Das passt, da die internationalen Fondsverwalter schon wieder dem Staat das Steuerrecht erklären wollen, so wie Banken und Versicherungen zum Frühstück im Kanzleramt wieder ihre Süppchen kochen. Und jeder Großkonzern weiß, sinkt der Konsum, haben wir ein probates Mittel den Konsumverweigerer los zu werden. Jede Entlassung produziert nämlich nochmals Wachstum. Schon jede Entlassungsankündigung befördert einen positiven Kurssprung. Da hüpft der DAX.

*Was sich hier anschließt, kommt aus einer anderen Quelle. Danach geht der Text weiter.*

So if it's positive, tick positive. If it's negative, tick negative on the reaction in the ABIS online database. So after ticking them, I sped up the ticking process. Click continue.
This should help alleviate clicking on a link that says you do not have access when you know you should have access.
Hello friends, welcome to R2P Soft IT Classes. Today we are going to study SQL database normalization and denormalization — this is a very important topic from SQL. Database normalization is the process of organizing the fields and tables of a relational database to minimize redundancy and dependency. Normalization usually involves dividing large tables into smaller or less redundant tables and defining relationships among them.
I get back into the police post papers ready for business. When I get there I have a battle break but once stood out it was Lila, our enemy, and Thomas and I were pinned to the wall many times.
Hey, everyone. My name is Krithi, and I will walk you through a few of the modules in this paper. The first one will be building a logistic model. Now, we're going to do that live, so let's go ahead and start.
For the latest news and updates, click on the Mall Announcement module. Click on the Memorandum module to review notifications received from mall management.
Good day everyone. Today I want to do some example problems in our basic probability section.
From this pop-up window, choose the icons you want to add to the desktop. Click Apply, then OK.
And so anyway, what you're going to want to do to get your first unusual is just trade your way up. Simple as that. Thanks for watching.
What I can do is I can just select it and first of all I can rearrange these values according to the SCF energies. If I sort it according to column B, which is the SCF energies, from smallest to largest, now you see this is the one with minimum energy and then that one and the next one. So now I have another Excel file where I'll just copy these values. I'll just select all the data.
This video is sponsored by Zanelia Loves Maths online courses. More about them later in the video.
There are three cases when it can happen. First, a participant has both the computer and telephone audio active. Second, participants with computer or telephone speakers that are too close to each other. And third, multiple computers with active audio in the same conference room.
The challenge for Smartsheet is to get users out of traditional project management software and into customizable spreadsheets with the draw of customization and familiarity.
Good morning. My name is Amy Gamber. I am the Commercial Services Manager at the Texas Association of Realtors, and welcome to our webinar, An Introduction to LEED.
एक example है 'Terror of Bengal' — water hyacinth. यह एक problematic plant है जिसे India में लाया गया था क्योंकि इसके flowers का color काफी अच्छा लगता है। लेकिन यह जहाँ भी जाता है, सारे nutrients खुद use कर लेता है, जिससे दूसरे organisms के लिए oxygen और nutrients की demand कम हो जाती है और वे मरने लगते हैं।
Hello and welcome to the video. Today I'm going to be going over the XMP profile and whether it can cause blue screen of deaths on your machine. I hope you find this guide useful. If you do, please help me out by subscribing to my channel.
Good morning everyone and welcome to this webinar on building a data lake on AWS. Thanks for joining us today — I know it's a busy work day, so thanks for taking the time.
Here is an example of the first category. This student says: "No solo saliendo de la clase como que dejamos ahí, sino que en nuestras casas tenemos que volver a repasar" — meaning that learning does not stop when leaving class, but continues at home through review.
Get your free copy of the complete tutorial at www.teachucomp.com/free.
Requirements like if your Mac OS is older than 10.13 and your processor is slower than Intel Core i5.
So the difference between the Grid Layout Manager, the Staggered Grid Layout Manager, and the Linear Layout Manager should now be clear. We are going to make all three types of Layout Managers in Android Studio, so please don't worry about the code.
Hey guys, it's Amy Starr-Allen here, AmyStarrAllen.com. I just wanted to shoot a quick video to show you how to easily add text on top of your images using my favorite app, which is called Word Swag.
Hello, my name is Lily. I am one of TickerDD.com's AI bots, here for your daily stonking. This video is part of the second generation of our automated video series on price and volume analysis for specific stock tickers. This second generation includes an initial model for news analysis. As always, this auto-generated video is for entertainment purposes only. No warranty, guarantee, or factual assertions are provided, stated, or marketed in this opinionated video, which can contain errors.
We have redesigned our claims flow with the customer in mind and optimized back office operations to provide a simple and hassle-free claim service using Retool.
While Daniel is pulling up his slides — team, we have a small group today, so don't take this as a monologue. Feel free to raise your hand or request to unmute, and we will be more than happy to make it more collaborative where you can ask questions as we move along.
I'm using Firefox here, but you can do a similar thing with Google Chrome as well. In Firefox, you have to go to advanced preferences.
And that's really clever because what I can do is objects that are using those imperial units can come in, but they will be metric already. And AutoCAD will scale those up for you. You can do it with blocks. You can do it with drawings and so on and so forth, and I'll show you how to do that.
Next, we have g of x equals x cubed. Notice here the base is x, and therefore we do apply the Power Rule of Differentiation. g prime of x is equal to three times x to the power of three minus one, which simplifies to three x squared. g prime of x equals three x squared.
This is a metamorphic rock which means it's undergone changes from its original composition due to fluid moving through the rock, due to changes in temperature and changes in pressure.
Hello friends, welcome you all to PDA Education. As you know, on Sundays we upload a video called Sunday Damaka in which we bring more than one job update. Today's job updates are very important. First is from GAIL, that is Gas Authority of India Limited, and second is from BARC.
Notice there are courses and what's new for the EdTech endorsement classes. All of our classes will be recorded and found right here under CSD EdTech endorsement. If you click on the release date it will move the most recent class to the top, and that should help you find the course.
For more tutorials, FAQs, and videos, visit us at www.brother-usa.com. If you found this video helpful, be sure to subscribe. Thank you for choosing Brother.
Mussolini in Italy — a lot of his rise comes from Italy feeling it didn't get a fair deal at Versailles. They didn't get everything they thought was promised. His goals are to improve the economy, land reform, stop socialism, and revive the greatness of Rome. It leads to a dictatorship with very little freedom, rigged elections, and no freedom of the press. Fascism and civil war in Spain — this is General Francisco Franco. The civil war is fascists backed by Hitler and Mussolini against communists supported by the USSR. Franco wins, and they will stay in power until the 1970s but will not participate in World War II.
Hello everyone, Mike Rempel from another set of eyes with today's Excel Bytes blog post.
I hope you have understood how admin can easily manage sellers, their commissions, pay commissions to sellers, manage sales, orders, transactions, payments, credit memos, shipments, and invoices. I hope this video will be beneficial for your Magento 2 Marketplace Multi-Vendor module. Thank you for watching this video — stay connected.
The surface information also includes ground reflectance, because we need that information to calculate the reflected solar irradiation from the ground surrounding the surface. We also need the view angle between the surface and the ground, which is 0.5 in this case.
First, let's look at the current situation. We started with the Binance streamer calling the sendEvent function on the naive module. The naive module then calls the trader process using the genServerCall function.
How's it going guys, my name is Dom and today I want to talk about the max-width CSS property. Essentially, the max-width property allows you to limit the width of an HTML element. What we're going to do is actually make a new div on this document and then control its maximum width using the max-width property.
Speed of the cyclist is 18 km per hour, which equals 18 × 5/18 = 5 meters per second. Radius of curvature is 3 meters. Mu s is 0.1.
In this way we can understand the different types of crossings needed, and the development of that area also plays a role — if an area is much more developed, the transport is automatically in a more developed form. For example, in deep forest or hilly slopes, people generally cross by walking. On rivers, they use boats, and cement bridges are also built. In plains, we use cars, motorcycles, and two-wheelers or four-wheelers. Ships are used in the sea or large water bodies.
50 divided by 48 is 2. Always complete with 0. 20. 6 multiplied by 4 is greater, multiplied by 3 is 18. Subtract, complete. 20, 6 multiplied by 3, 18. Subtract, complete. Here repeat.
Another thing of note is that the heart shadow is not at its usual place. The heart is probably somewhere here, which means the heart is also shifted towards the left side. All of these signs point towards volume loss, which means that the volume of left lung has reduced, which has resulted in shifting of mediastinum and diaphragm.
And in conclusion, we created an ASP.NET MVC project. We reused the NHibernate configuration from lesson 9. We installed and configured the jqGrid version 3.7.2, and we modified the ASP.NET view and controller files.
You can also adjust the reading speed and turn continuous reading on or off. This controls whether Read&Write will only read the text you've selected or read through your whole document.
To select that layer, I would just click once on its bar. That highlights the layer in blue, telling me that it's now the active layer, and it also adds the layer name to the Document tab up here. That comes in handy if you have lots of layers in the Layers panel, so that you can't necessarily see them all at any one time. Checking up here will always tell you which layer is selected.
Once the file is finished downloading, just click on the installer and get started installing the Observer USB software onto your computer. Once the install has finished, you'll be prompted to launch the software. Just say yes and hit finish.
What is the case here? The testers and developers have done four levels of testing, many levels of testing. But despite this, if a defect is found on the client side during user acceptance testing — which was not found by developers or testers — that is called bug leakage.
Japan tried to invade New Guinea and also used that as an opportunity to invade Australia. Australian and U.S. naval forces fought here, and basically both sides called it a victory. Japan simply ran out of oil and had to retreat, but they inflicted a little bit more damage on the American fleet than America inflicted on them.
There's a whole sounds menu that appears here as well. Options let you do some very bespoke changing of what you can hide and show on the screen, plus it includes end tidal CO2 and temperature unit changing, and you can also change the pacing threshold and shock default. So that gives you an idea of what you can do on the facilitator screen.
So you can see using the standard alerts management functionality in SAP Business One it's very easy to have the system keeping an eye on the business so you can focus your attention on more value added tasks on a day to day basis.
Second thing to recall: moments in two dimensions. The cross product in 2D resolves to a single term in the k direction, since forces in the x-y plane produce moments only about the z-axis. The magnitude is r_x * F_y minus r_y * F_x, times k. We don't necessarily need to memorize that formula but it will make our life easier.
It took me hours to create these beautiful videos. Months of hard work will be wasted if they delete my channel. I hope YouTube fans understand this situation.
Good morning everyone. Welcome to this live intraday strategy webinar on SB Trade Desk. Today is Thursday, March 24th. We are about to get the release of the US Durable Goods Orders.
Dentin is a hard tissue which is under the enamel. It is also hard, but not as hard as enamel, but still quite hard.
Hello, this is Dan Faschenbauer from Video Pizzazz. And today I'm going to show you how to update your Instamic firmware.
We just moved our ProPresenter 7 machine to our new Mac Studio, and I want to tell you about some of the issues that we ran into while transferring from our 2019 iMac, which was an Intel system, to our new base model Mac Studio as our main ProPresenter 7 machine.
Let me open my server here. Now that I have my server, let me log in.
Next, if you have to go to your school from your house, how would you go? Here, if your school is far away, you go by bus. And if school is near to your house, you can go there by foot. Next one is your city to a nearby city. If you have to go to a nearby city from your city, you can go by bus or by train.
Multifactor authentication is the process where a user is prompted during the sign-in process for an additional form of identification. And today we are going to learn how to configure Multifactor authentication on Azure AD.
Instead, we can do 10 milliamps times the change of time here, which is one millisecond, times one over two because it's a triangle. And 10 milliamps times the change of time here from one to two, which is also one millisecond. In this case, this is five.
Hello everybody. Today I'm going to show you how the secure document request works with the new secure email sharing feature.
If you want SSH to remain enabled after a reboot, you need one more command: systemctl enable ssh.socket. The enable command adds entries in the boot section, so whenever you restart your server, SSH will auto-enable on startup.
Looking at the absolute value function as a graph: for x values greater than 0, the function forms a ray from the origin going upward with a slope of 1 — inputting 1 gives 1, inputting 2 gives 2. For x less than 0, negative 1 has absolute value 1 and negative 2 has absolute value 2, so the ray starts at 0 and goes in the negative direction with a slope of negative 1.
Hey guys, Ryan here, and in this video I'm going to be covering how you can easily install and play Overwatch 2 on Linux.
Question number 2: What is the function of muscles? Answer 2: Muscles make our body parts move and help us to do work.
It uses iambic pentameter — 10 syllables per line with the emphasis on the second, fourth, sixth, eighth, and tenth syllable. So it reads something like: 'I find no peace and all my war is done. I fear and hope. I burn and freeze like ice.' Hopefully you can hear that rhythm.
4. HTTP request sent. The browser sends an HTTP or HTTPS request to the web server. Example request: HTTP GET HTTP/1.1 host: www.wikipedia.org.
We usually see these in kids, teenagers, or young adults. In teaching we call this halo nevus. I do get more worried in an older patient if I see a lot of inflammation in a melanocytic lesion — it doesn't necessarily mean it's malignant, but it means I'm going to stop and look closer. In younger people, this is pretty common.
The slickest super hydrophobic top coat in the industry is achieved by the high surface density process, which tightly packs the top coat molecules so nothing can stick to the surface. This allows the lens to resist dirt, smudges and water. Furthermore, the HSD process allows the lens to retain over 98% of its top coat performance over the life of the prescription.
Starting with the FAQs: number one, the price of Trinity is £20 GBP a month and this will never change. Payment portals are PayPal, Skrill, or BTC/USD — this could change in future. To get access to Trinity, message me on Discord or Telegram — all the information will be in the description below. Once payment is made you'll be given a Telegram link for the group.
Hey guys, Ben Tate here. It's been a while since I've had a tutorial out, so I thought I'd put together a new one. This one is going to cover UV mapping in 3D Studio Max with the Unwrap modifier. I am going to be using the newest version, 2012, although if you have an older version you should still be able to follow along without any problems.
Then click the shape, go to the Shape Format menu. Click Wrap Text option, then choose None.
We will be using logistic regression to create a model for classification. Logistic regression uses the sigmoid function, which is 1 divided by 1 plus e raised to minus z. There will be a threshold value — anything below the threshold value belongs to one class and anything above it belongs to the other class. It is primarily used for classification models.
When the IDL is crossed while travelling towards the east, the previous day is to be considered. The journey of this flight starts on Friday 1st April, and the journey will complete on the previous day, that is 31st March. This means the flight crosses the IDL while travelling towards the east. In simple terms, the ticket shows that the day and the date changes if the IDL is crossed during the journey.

Und damit das alles auch weiterhin so funktioniert, braucht die Politik eben einen breiten, tragfähigen und dummen Unterbau im Volk. Durch diese Taktik lösen sich wie von selbst viele der Widersprüche zwischen Wahlversprechen und Realität auf. Natürlich braucht es dazu etwas Fingerspitzengefühl. Übertreiben und zu offensichtlich sollte man die Strategie nicht nach Außen posaunen, denn dann ist Schluss mit lustig. Ein gutes Beispiel bietet die FDP. Der gelbe Pseudoliberalismus wurde rausgeworfen und standrechtlich abgeschossen, auch wenn Brüderle und Rösler noch leben.

Wenn aber Politiker die ehernen und bewährten Grundregeln der Politik strategisch und systematisch umsetzen, hier ein kleines Glück und dort ein bisschen Gerechtigkeit ausstreuen und sich nicht verplappern, wird das Wachstum und der Konsum so groß, dass auch der Letzte Arbeit findet. Dafür brauchen wir keine Bildungsreform sondern mehr schlichte Gemüter und Platon kann nichts dafür.